With continued reference to FIG. 10, cutters 66′ engage bores 70′ of the key 18. The bores 70′ extend radially inwardly from an edge of the key 18 towards the longitudinal axis 28 of the shaft 14. When the cutters 66′ engage the bores 70′, the cutters 66′ extend radially outwardly from within the bores 70′ to the radius defining the enlarged size of the bore created by the hole opener 10. FIG. 1 illustrates the cutters 66′ extending from the bores 70′. Longitudinally (i.e., in a direction of the longitudinal axis 28 of the shaft 14), the blades 20 are closer to the first end 24 of the shaft 14 when compared to the cutters 66′ and the bores 70′.
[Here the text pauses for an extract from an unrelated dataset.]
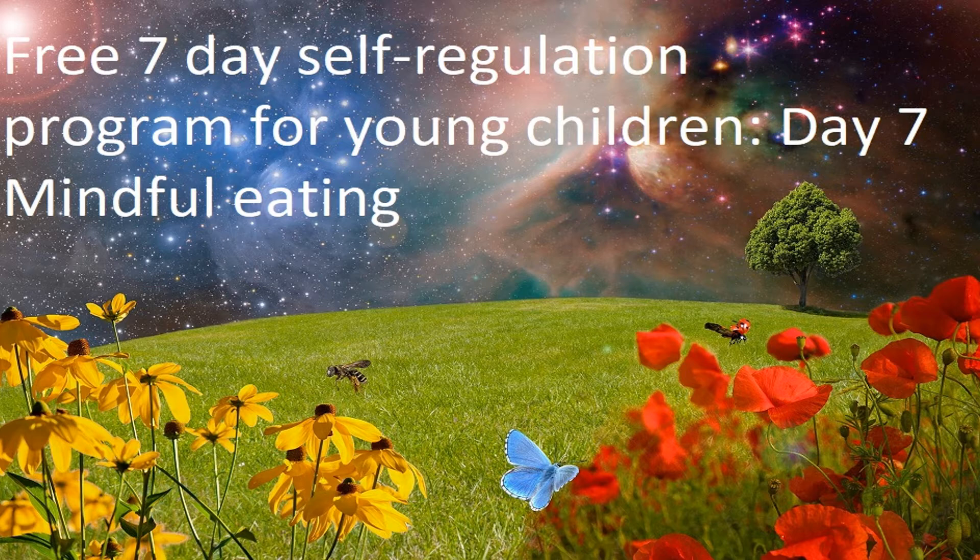Now holding the sultana between two fingers, just notice what the sultana looks like. Think about whether you can see grooves, dents, and lines on the sultana. Notice its color — whether it's all one shade of brown or whether it has light brown and dark brown streaks running through it.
With reference to FIG. 12, the gauge ring 22 coupled to the hole opener 10 over the tails 16 from a position adjacent the second end 26 of the shaft 14 to a position radially outward of the tails 16 relative to the shaft 14. The gauge ring 22 abuts an edge of the keys 18 closest to the recess 60 c. With reference to FIG. 15, the gauge ring 22 is positioned longitudinally (in a direction of the longitudinal axis 28) behind the key 18 and radially outward of the tail 16. In other words, a gauge ring distance 22 a between the gauge ring 22 and the first end 24 of the shaft 14 is greater than a longitudinal distance 63 c between a blade 20 mounted in the recess 60 c and the first end 24. An outer surface of the gauge ring 22 is spaced from the longitudinal axis 28 of the shaft 14 an amount of the radius 80 which defines the enlarged size of the bore created by the hole opener 10. The gauge ring 22 applies pressure radially outwardly from the longitudinal axis 28 of the shaft 14 to the edges of the bore created by the hole opener 10. The gauge ring 22 ensures that the radius 80 cut by the blades 20 is retained after the hole opener 10 is no longer in contact with the bore.
With reference to FIG. 13, a guide ring 82 is coupled to the hole opener 10 over the keys 18 from a position adjacent the first end 24 of the shaft 14 to a position radially outward of the keys 18 relative to the shaft 14. In other words, the guide ring 82 is positioned longitudinally (in a direction of the longitudinal axis 28) in front of the blades 20 and radially outward of the keys 18. With reference to FIGS. 10 and 15, the guide ring 82 is positioned a guide ring distance 82 a away from the first end 24. The guide ring distance is less than the key distance 18 a. The guide ring 82 abuts a guide ring projection 84 of the keys 18.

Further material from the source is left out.